He has been a community organizer for the Cambridge Algebra Project, which promotes math literacy, but his first experience organizing was in high school, when he formed Students Against Violence and for Equality in response to the violent death in the community of two young men, Jessie McKie and Rigoberto Carriòn.

He was elected to his first council term in 2013. His fellow councillors elected him vice mayor.

Compiled from the candidate’s words in publicly available sources

Alignment

Benzan is running with the Unity Slate with fellow council incumbents Leland Cheung, Craig Kelley, David Maher, Marc McGovern, E. Denise Simmons and Tim Toomey.


Top three priorities:

bullet-gray-smallIncreasing the supply of affordable housing, while lowering the minimum income limit for access to it
bullet-gray-smallScience-, technology-, engineering-, arts- and math-based education coordinated by a city office
bullet-gray-smallMaintaining and improving Central Square and controlling the opiate crisis, including installing a police substation


Ward 6 Democrats endorsement?

Profile YESThe Ward 6 Democrats endorsed nine council candidates this year, choosing only from among registered Democrats and saying it “sought to recommend candidates who would bring the vision, skills and experience most needed to govern Cambridge at this time, regardless of slate affiliation.”
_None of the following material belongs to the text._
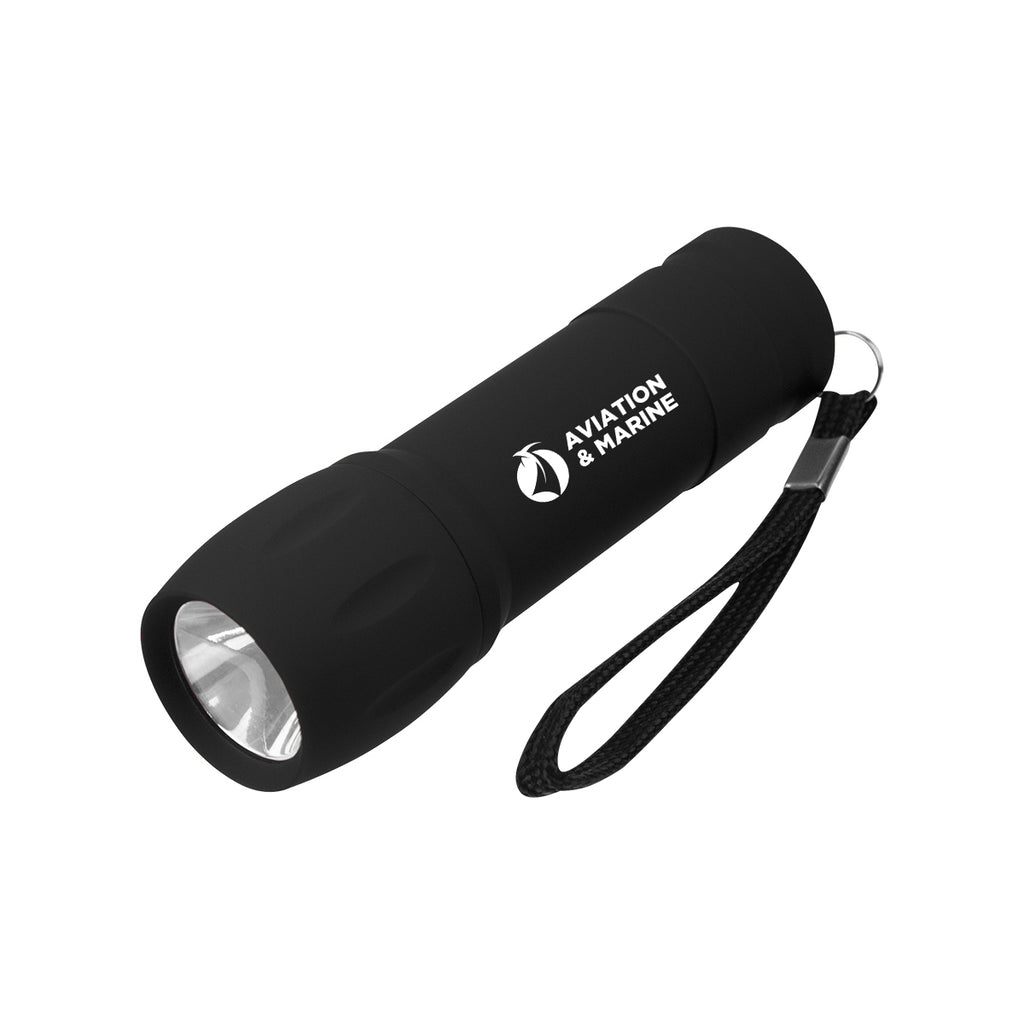 Rechargeable Rubberized COB Light with Strap - Black - Pad Print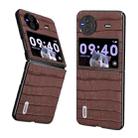 For vivo X Flip ABEEL Crocodile Texture Genuine Leather Phone Case(Brown) - 1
Profile development and affordable housingScore from ABC:

ABC score 2015 BenzanThe residents group A Better Cambridge rated 19 out of 22 candidates for City Council (all who responded to a comprehensive questionnaire) measuring their level of agreement with the group’s “smart growth” platform of development- and transit-focused priorities and goals. In the words of the group, “higher-rated candidates demonstrate a strong understanding of the complex housing and development challenges facing Cambridge [and] are best prepared to make Cambridge a more affordable and livable city for all residents, especially low-income families.” There is a maximum score of 45 points.


CRA endorsement?

Profile NOThe Cambridge Residents Alliance endorsed five council candidates this year. The residents group is focused on development and housing affordability issues and opposes projects it feels will gentrify neighborhoods or add to traffic and transit congestion. Its endorsed candidates were those it felt would “allow real planning”; refused campaign donations from “large developers”; and vowed to work for a citywide development master plan that prevented “overdevelopment and displacement.”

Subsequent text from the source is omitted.